Hydroxyapatite (HA) is the main inorganic compound that is found in bones and teeth known for its biocompatibility, osteoconductivity, and bioactivity.4,5 Bovine-derived hydroxyapatite (BHA) provides an effective and economical raw material for xenograft bone substitutes. Having trace elements such as sodium, magnesium, and fluoride, the BHA bears a similar architecture to HA found in the human bones and teeth.6 New Zealand (NZ)-sourced bovine bones are valued because of the high agricultural standards in the country and bovine spongiform encephalopathy free status, making them an ideal source for the xenograft material.7 BHA scaffolds produced from NZ-sourced bovine bones by Ratnayake et al. were found to possess the ideal porosity and biocompatibility required for a biomaterial scaffold.6 However, BHA lacks antimicrobial activity which increases the chance of infections during implantation.8 These disadvantages of the BHA scaffolds can be augmented by combining BHA with a polymeric material which would impart the deficient properties to the BHA material. Chitosan (CS) is an N-deacetylation product of chitin.9 CS has wide-ranging applications, ranging from being used in food packaging, drug delivery, and wound closures.1015 The intrinsic biodegradability, nontoxicity, biocompatibility, and antimicrobial ability all make CS a favorable biomaterial for biomedical applications.10,16 CS can be molded into the various structures from membranes to porous scaffolds and combined with other materials such as nanotubes.14,15,17 In the present study, we aim to develop a biocomposite scaffold from commercially sourced CS and HA derived from NZ bovine bones (BHA). The BHA was extracted through a protocol developed by Ratnayake et al.,6 where the bovine bones were sectioned, defatted, and deproteinized in stages. The powdered BHA were then mixed with CS solution to prepare the CS–BHA biocomposite scaffold. The chemical properties of the scaffold were characterized using Fourier transform infrared spectroscopy (FTIR), energy-dispersive X-ray (EDX) analysis, and thermogravimetric analysis (TGA). Structural properties were investigated using scanning electron microscopy (SEM) and microcomputer tomography (μ-CT) imaging. In vitro studies such as LIVE/DEAD assay and cell proliferation were conducted to evaluate the biocompatibility of the material.

2. Materials and Methods

2.1. Preparation of BHA Powder

Following a protocol from Ratnayake et al.6 The cancellous bones were sourced from the condyle portion of the bovine femur. The bones were then sectioned using a bandsaw into small cubes (2 cm × 2 cm x 2 cm) with each ends of the femur yielding 8–10 cubes. To remove the soft tissues such as cartilage and fat, the cubes were pressure cooked in a stainless steel pressure cooker at 15 psi (103.4 kPa) and then soaked in 0.1 M NaOH solution for 12 h at 70 °C. A pH of at least 12 was maintained by constant monitoring with additions of 0.1 M of NaOH. Finally, the cubes were submerged in deionized water and exposed to microwave energy for 5 min in a domestic microwave oven (2.45 GHz, 1100 W Samsung).

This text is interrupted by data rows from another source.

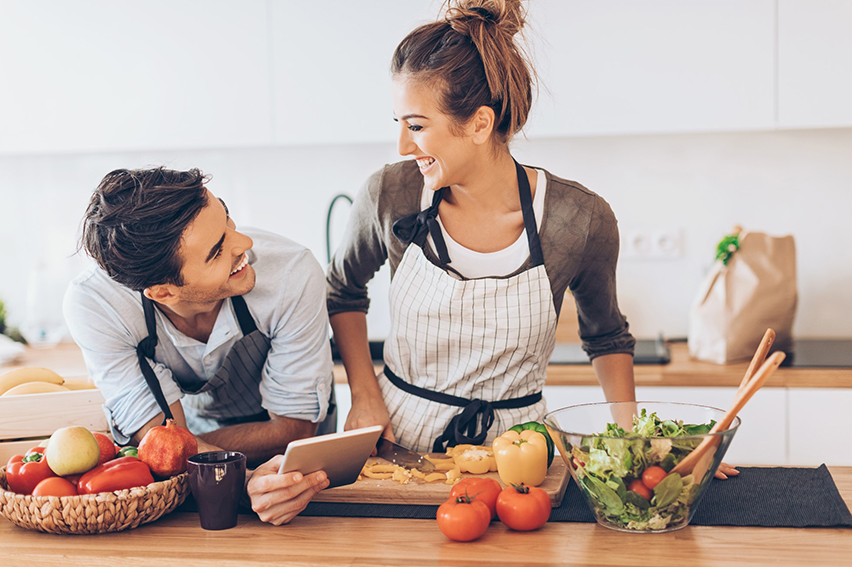 family cooking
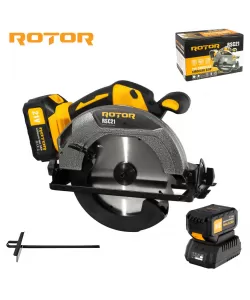 Fierastrau circular pe acumulator ROTOR RSC21, 21V/ 3Ah, 1000 W, 4300 rot/min, Brushless Fierastrau circular pe acumulator ROTOR RSC21, 21V/ 3Ah, 1000 W, 4300 rot/min, Brushless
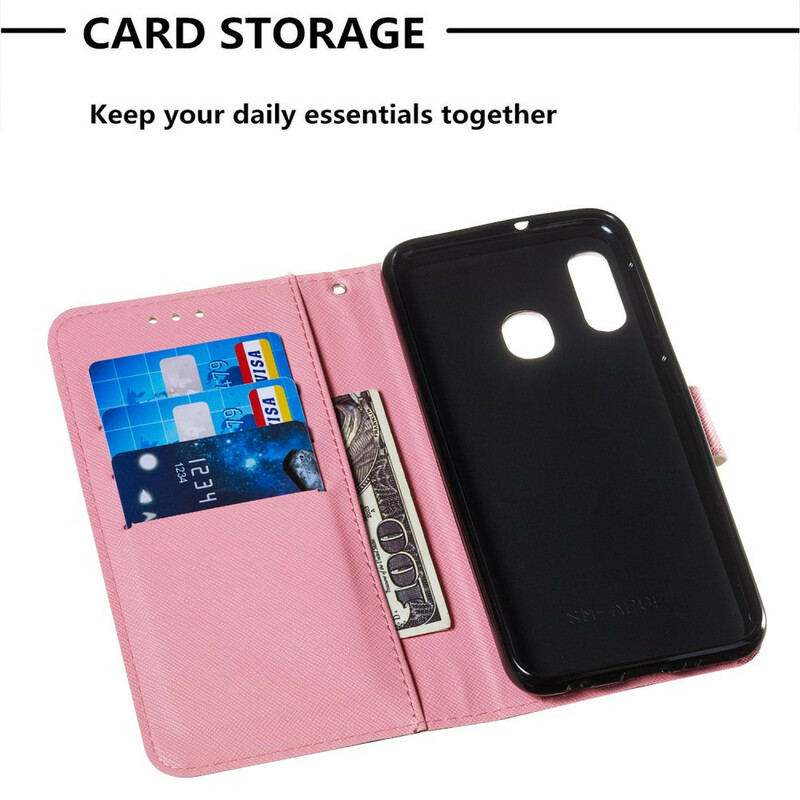 Housse Samsung Galaxy A20e Papillons Rouges Housse Samsung Galaxy A20e Papillons Rouges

The defatted cubes were subjected to subcritical water extraction (SWCE) in a hydrothermal pressure vessel to extract the organic matter such as collagen. The cubes were placed into deionized water, and nitrogen gas was used to displace the oxygen. The pressure vessel was tightly sealed and heated to 180 °C for 1 h, followed by being quenched in large amounts of ice. The bones were then left to dry for 24 h before sintering. The dry cubes were sintered in a furnace at 650 °C for 6 h under atmospheric pressure. The processed cubes were then grounded down using a mortar and pestle and further milled into nanosize particles using a ball mill (McCRONE, USA). A 5% (w/v) HA (2.5 g) was selected as it was the highest possible concentration in a pilot study conducted by Reilly18 to be added with CS to form the biocomposite scaffold.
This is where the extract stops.